図1】本開示による階段状SLバッファを有するGaN系パワーHEMT(またはダイオード)スタックの概略的な例を示す。
図2】本開示による等価アルミニウム含有量を計算するための式の例を示す。
図3】2つのSL積層体を有する本開示による実施例1を示しており、等価Al%の差は、SLユニットの最上層のAl含有量を変化させることによって達成される。
図4図3の構造に関する、25℃および150℃での縦方向バッファ耐圧(Vbd)測定結果を示す。

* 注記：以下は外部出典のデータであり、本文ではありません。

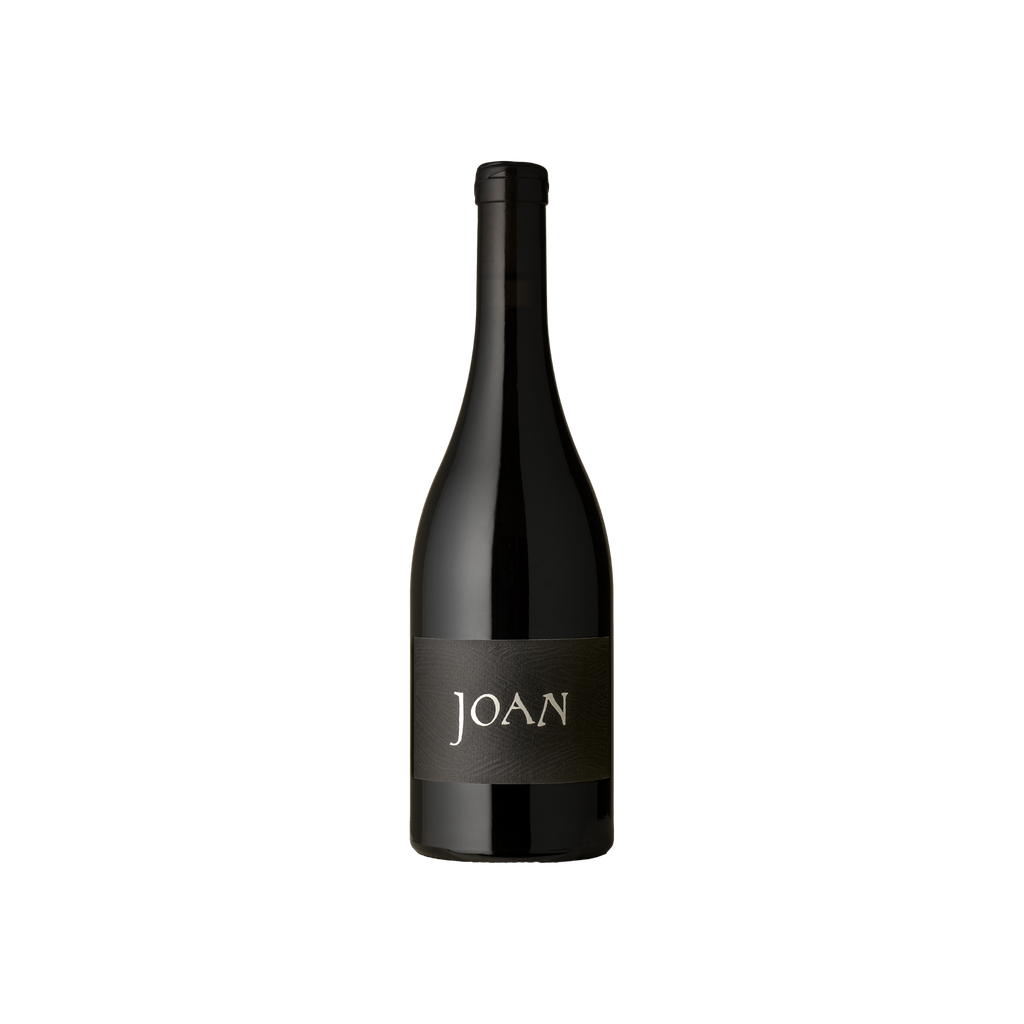 Wine bottle with 'JOAN' label on a white background by Sigurd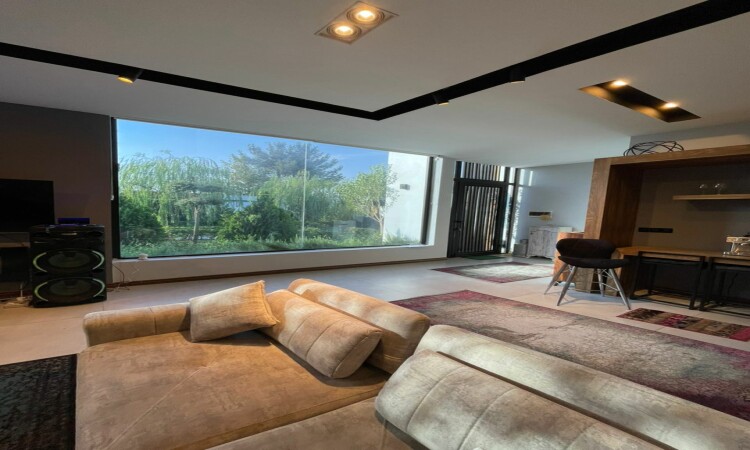 استئجار فيلا مع مسبح في سراي زاوي، طهراندشت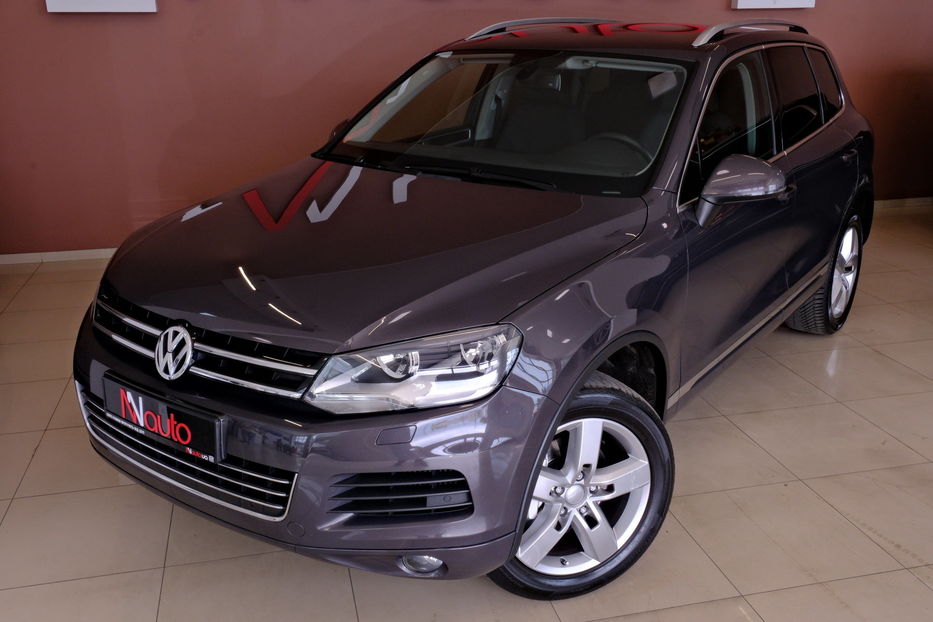 Продам Volkswagen Touareg 2011 года в Одессе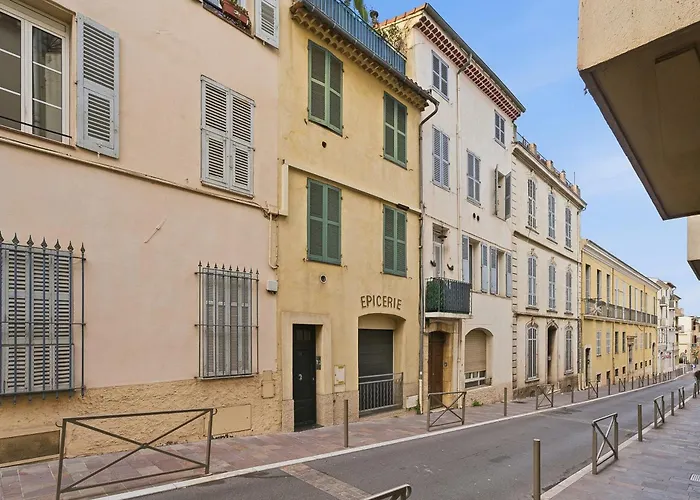 Le Vauban Antibois - Avec Jolie Balcon アンティーブ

図5】2つのSL積層体を有する本開示による実施例2を示しており、等価Al%の差は、SLユニットの最上層の厚さを変化させることによって達成される。
図6図5の構造に関する、25℃および150℃での縦方向バッファ耐圧(Vbd)測定結果を示す。
図7】単一のSL積層体を有する基準スタックを示す。
図8】単一のSL積層体を有する基準スタックを示す。
図9】両方のバイアス極性における25℃および150℃のそれぞれ2つの実施例および基準のVbd測定の概要を示す。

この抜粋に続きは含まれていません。